Stored entries

-------

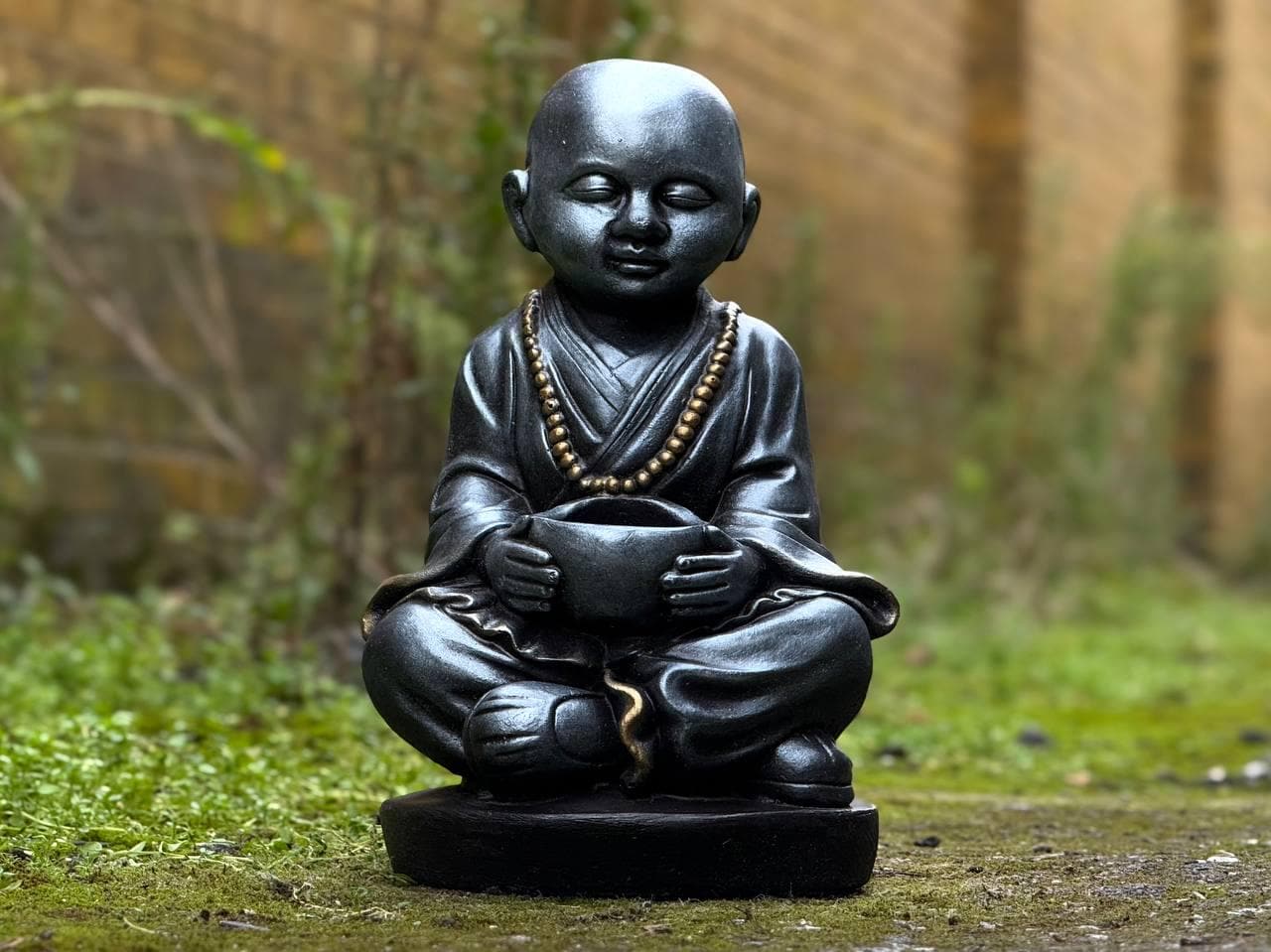 Unique Black Buddha With Bowl Statue Japanese Buddha With Pot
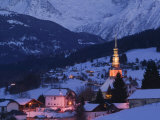 View of Village and Mont-Blanc  French Alps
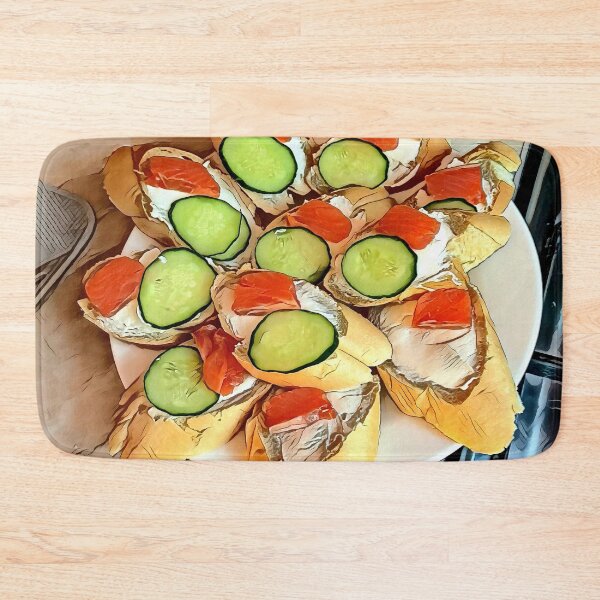 Item preview, Fresh Salmon & Cucumber Sandwiches – Cozy Kitchen Food Art | Delicious Snack Poster for Food Lovers designed and sold by NatureChampion.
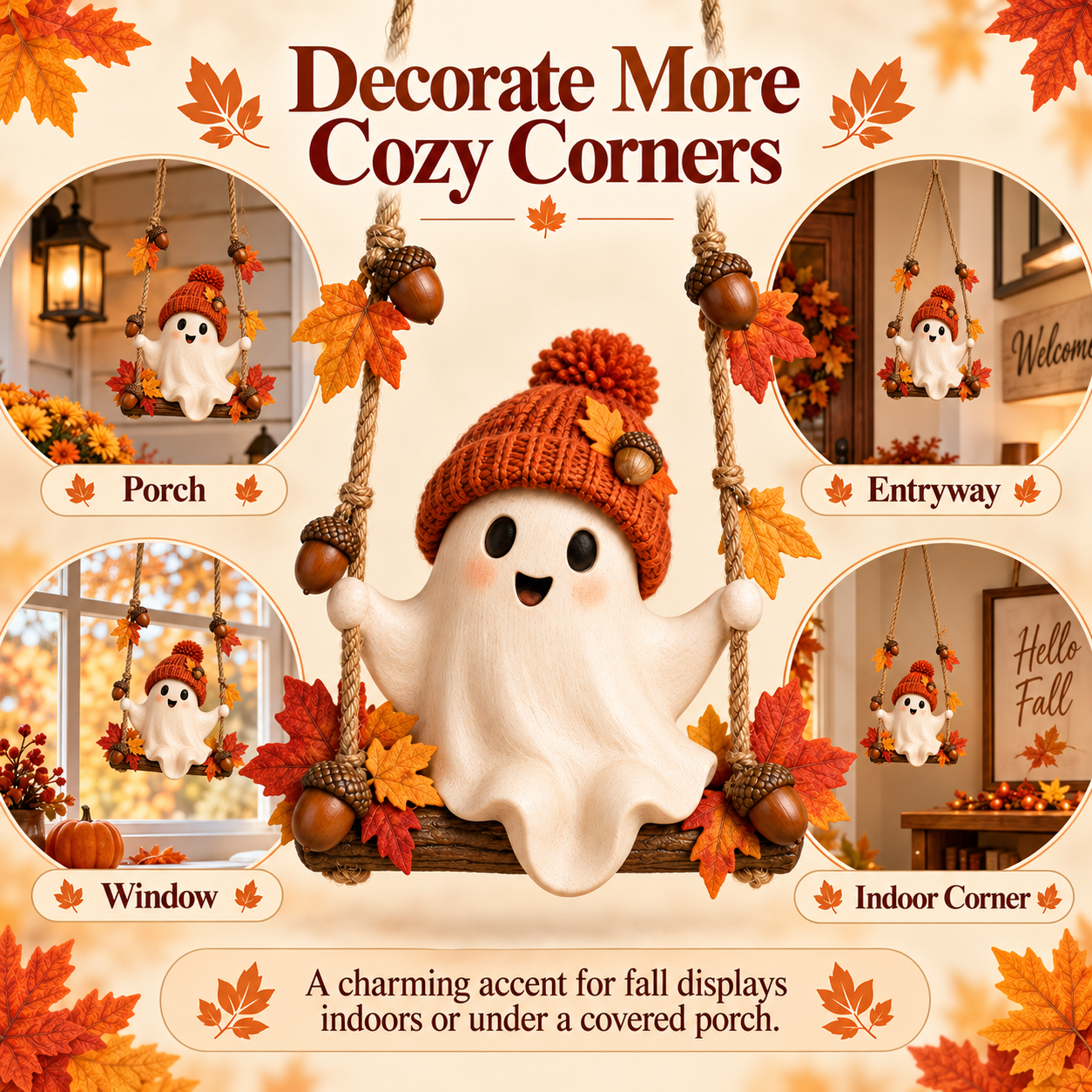 Lighted Fall Ghost Swing Hanging Decor🍂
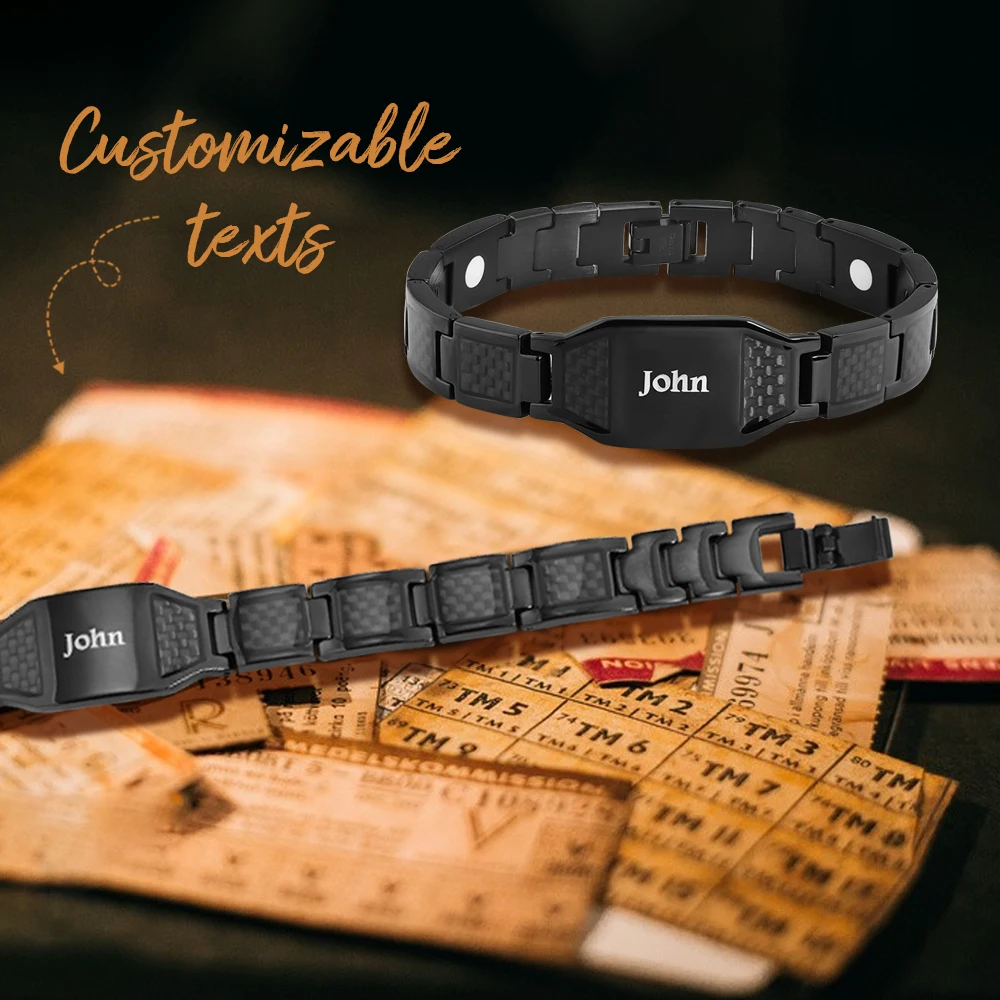 Dad Personalized Photo Magnetic Therapy Bracelet Custom Name Carbon Fiber Bracelet Health Care Gift For Him Father's Day Gift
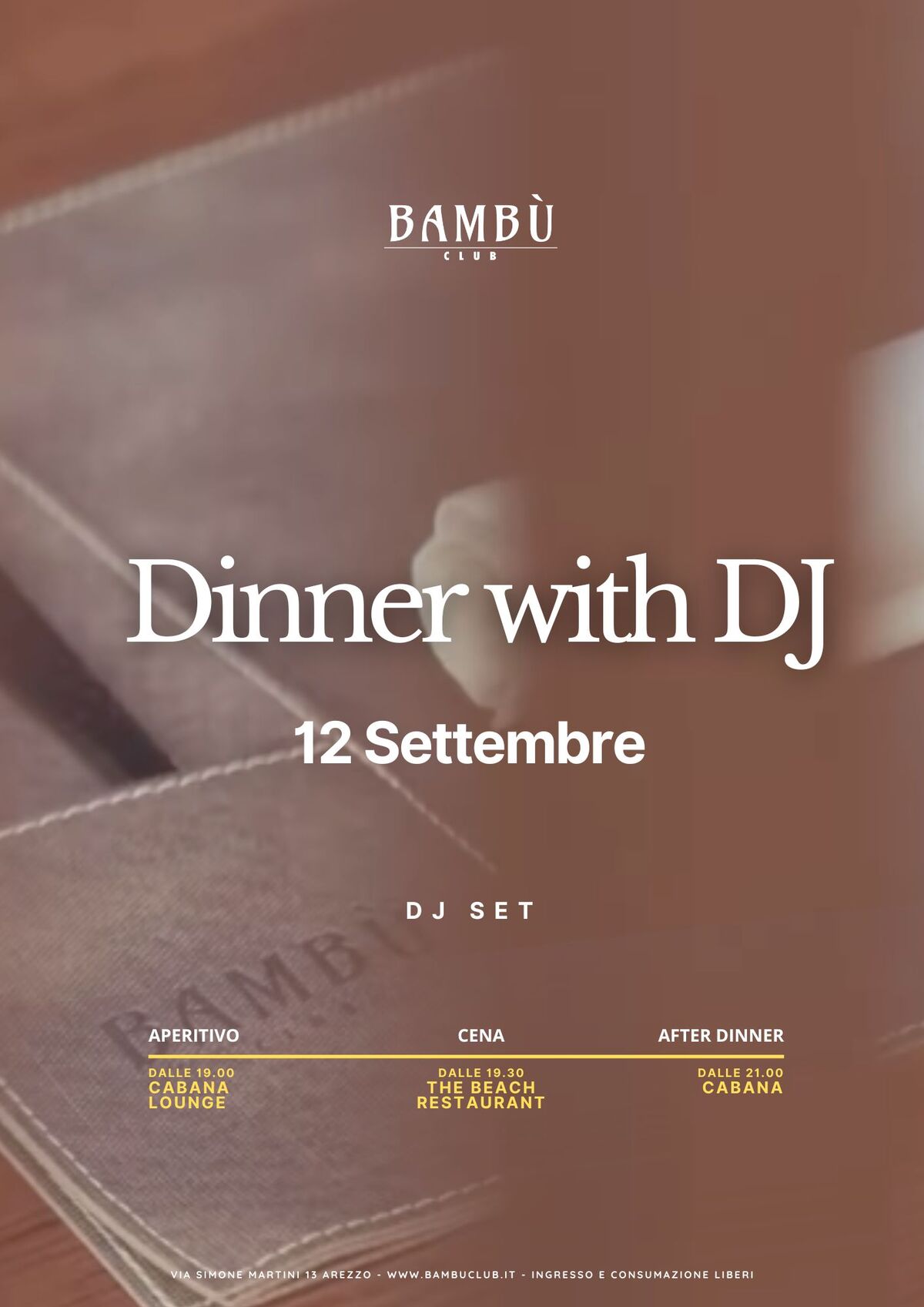 THE BEACH - DINNER WITH DJ - 12 SETTEMBRE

-------

Exercise brief:
The lines to copy run from the line containing "Lighted Fall Ghost Swing Hanging Decor🍂" through the end of the data above; copy exactly those, minus the pictures.

Exercise response:
 Lighted Fall Ghost Swing Hanging Decor🍂
 Dad Personalized Photo Magnetic Therapy Bracelet Custom Name Carbon Fiber Bracelet Health Care Gift For Him Father's Day Gift
 THE BEACH - DINNER WITH DJ - 12 SETTEMBRE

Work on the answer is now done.